BEGIN SOURCE DATA
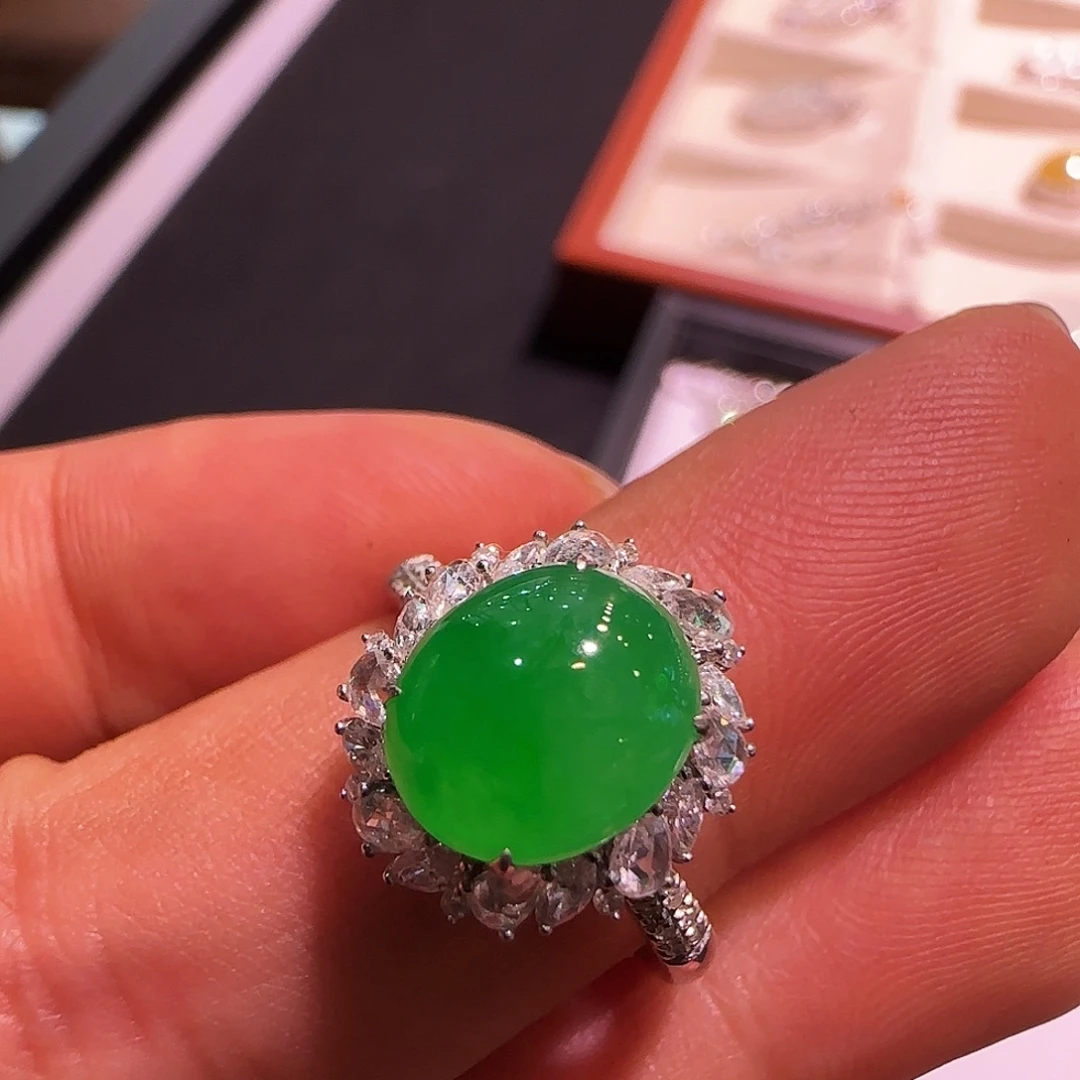 翡翠18K金镶嵌戒指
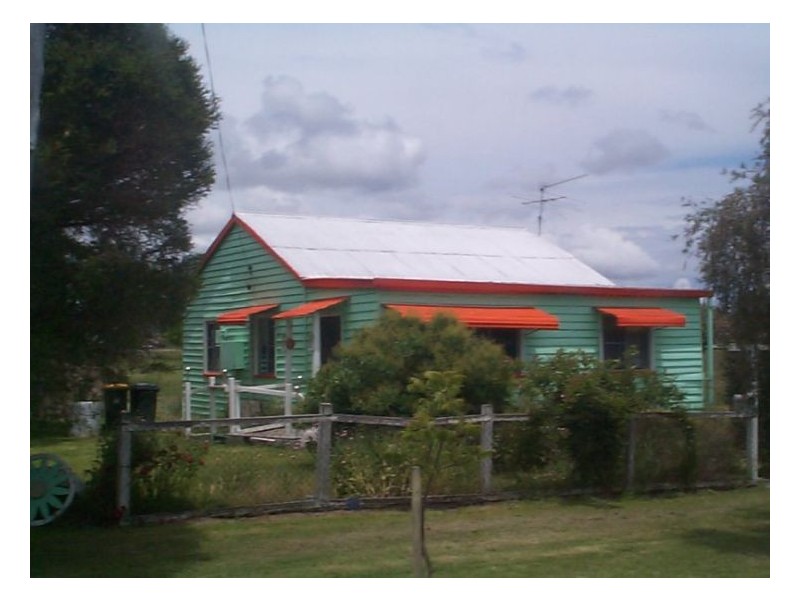 41 Margetts Street, Wallangarra QLD 4383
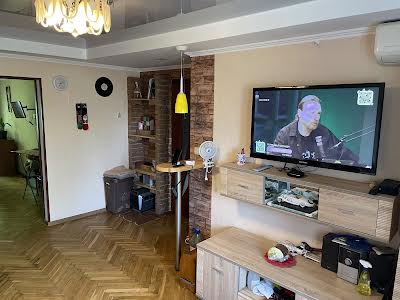 квартира за адресою Будівельників вул., 12-Б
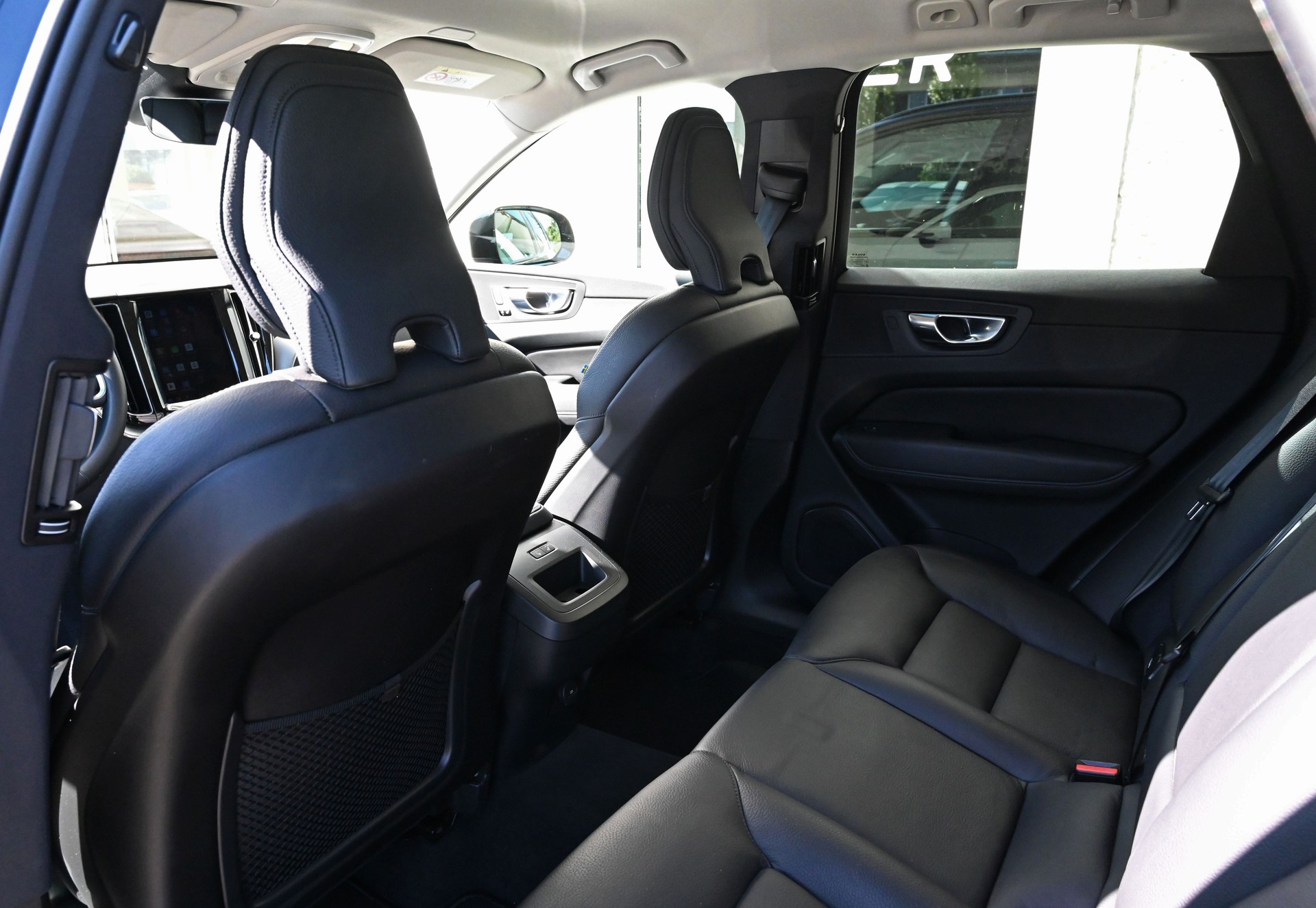 VOLVO XC60 B4 Diesel Mild Hybrid AWD Plus Dark Geartronic-image-16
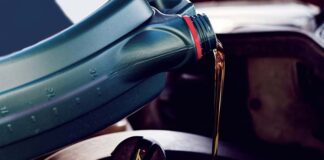 Ile oleju do podnośnika teleskopowego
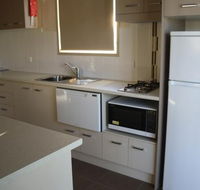 Bowlo Holiday Cabins - Kawana Tourism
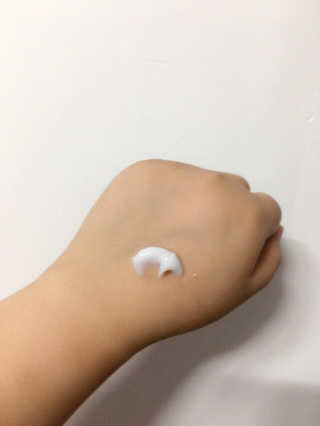 포렌코즈 아쿠아 커넥션 크림 — 3.83점을 준 리뷰어가 2017년 8월 올린 사용 사진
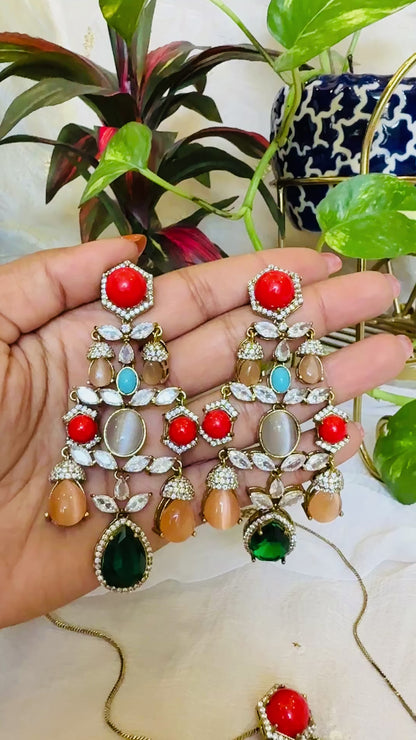Noor-e-Pakhi Pendant Set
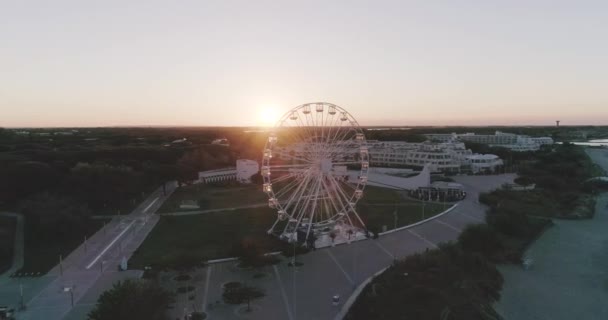 Pemandangan udara La Grande-Motte, South of France Ferris Wheel di pagi hari — Stok Video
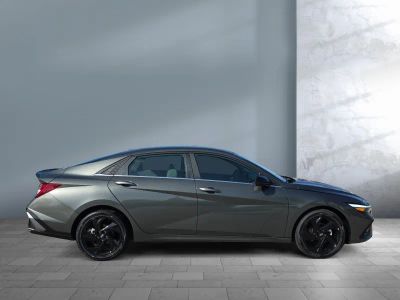 2026 Hyundai Elantra — photo 7 view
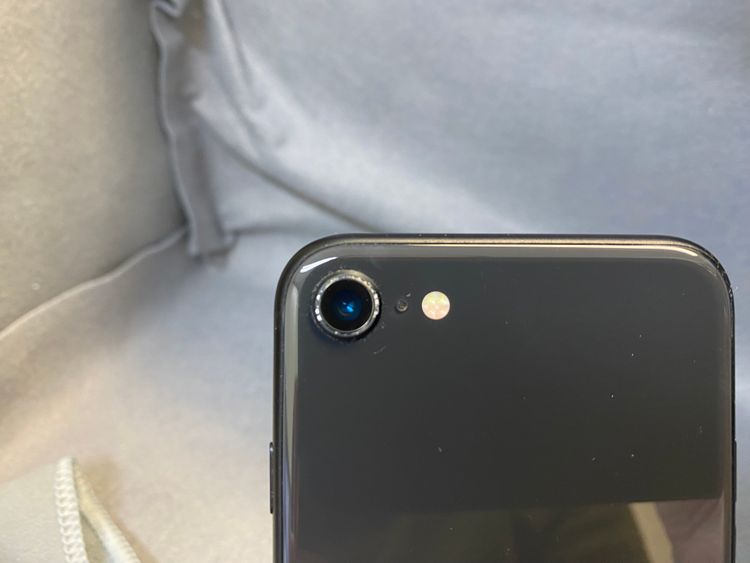 ���ʡ������ǡ�SIM�ե꡼��iPhoneSE �������� 64GB �֥�å� ��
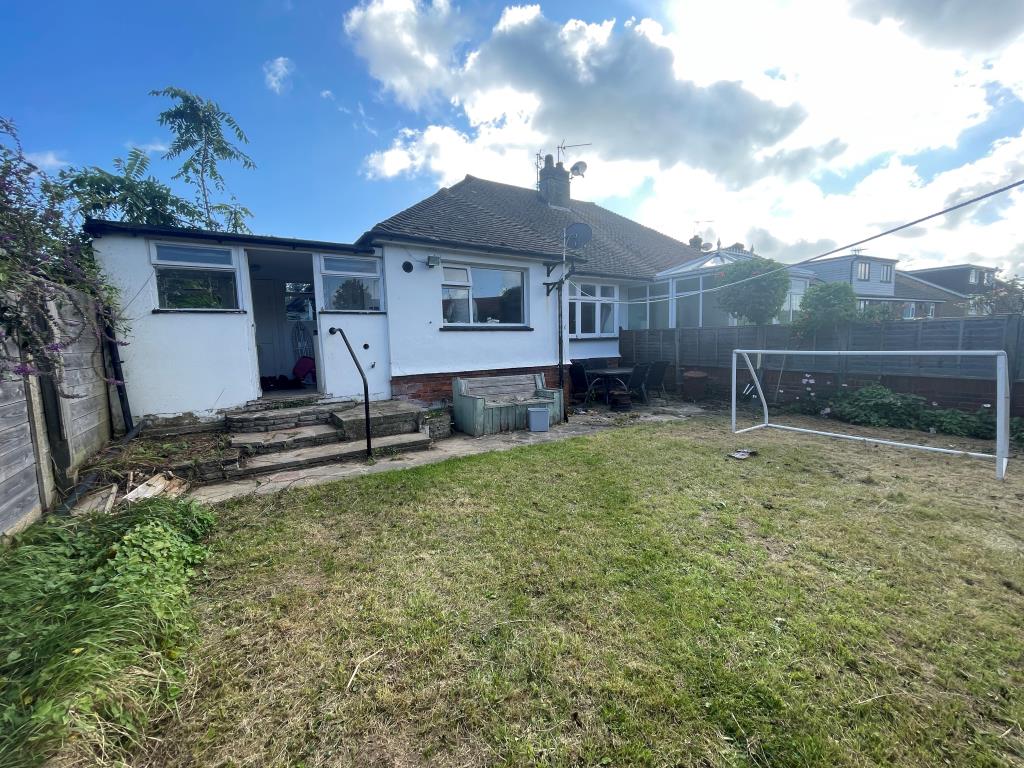 Lot: 67 - THREE-BEDROOM SEMI-DETACHED BUNGALOW - Rear of bungalow with garden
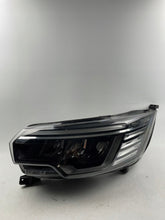 Laden Sie das Bild in den Galerie-Viewer, Frontscheinwerfer Renault Trafic III 260601790R Full LED Rechts oder Links SCH7573735722df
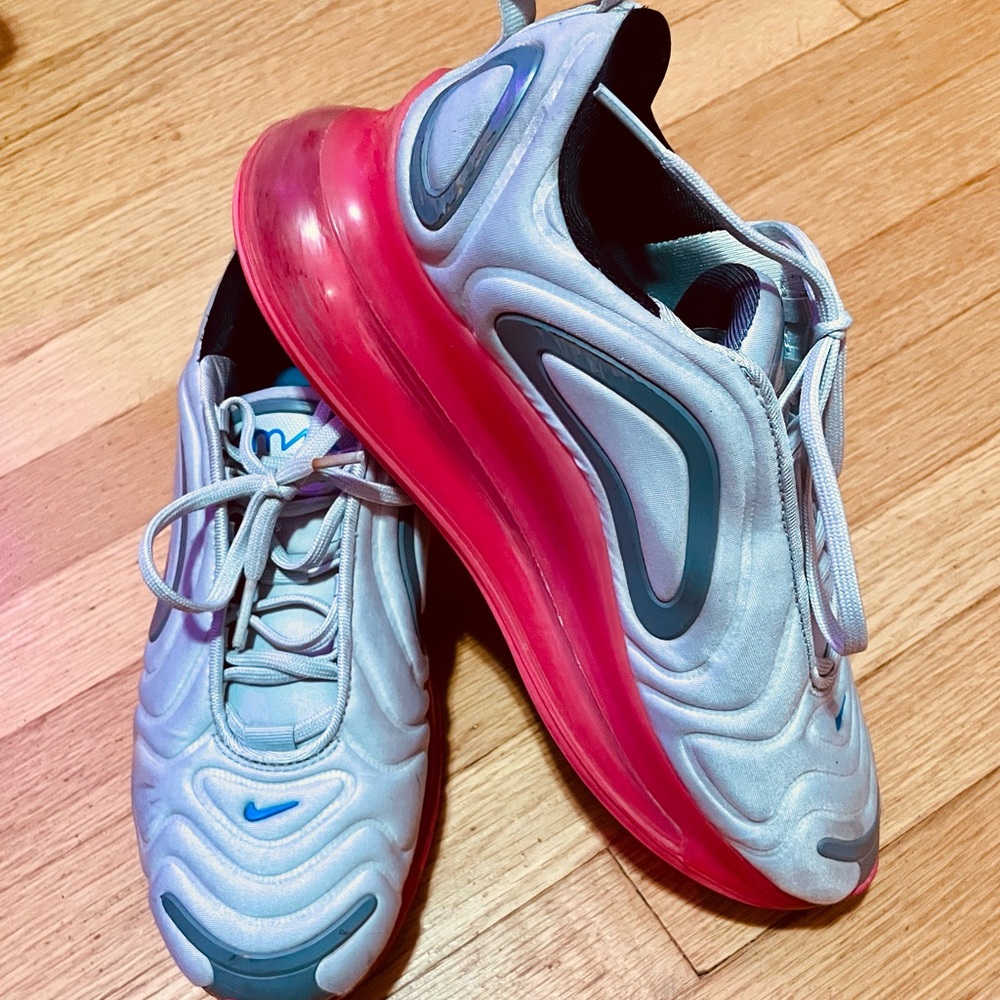 NIKE 720 Air Max Women's 8.5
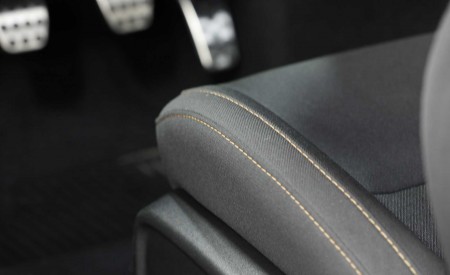 2019 Dodge Challenger RT Stars & Stripes Edition Interior Front Seats Wallpapers 450x275 (9)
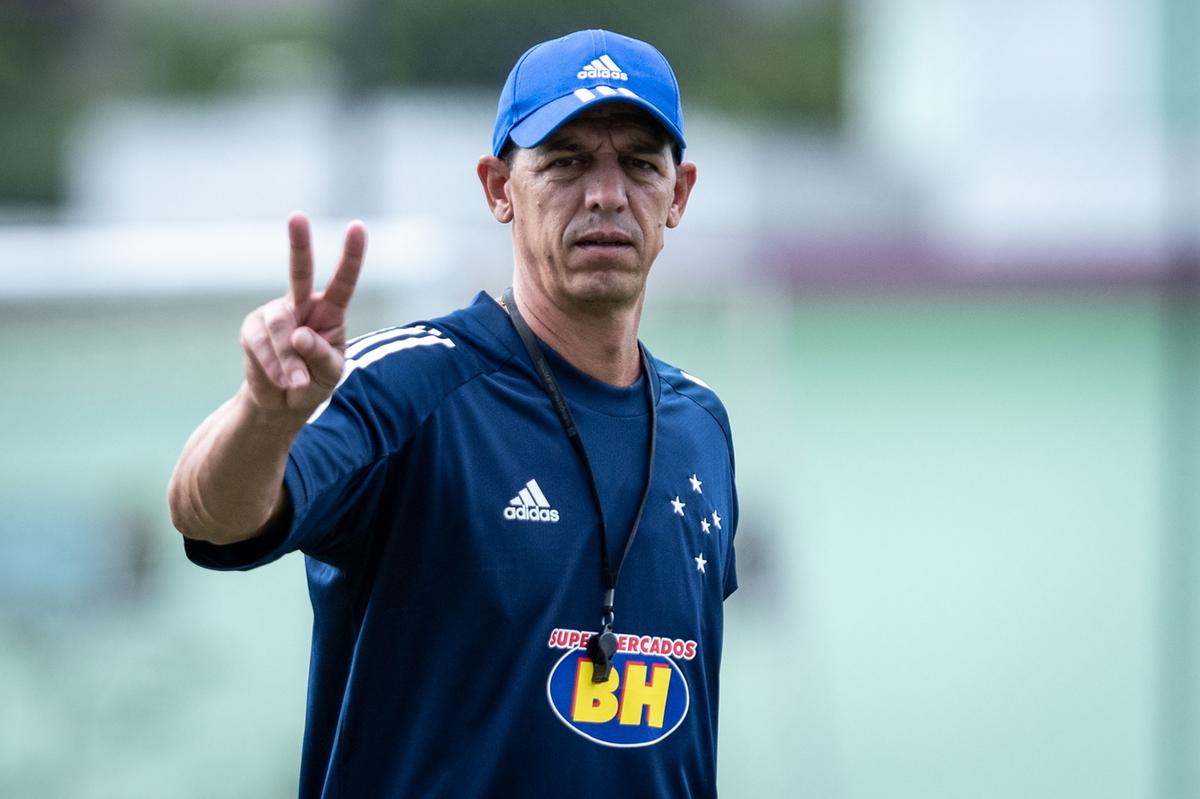 Célio Lúcio retorna à base do Cruzeiro para atuar ao lado de Adilson Batista (Gustavo Aleixo /Cruzeiro)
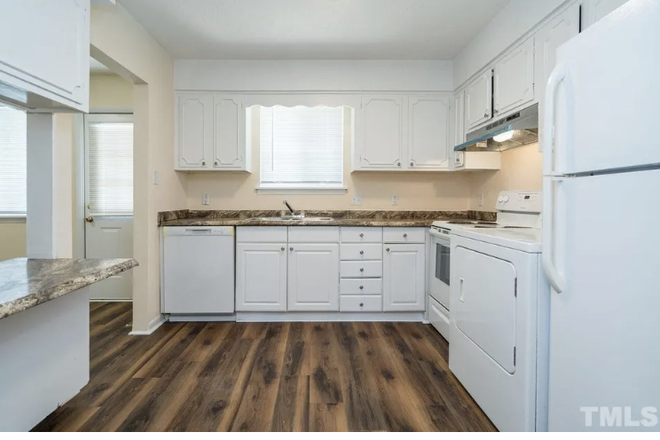 Kitchen - 3 BR/2.5BA Condo walk to campus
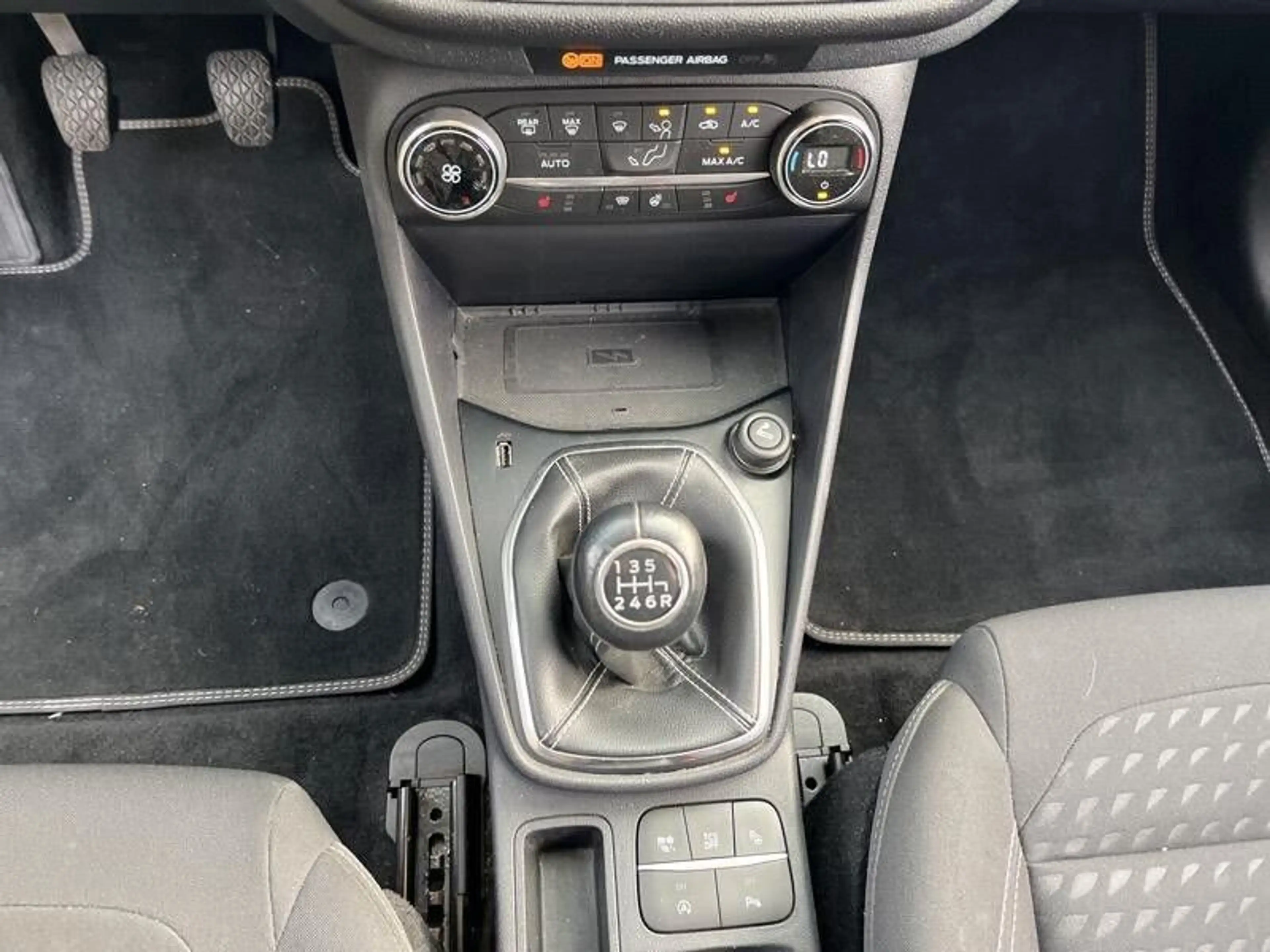 Ford Fiesta Titanium X |ACC|Kamera|LED|Lane|CarPlay — photo 6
END SOURCE DATA
◆ THE TASK: Would you copy, exactly, each line from the start of the listing above through the line with "Noor-e-Pakhi Pendant Set", both ends included, but none of the pictures?

◆ TASK OUTPUT:
 翡翠18K金镶嵌戒指
 41 Margetts Street, Wallangarra QLD 4383
 квартира за адресою Будівельників вул., 12-Б
 VOLVO XC60 B4 Diesel Mild Hybrid AWD Plus Dark Geartronic-image-16
 Ile oleju do podnośnika teleskopowego
 Bowlo Holiday Cabins - Kawana Tourism
 포렌코즈 아쿠아 커넥션 크림 — 3.83점을 준 리뷰어가 2017년 8월 올린 사용 사진
Noor-e-Pakhi Pendant Set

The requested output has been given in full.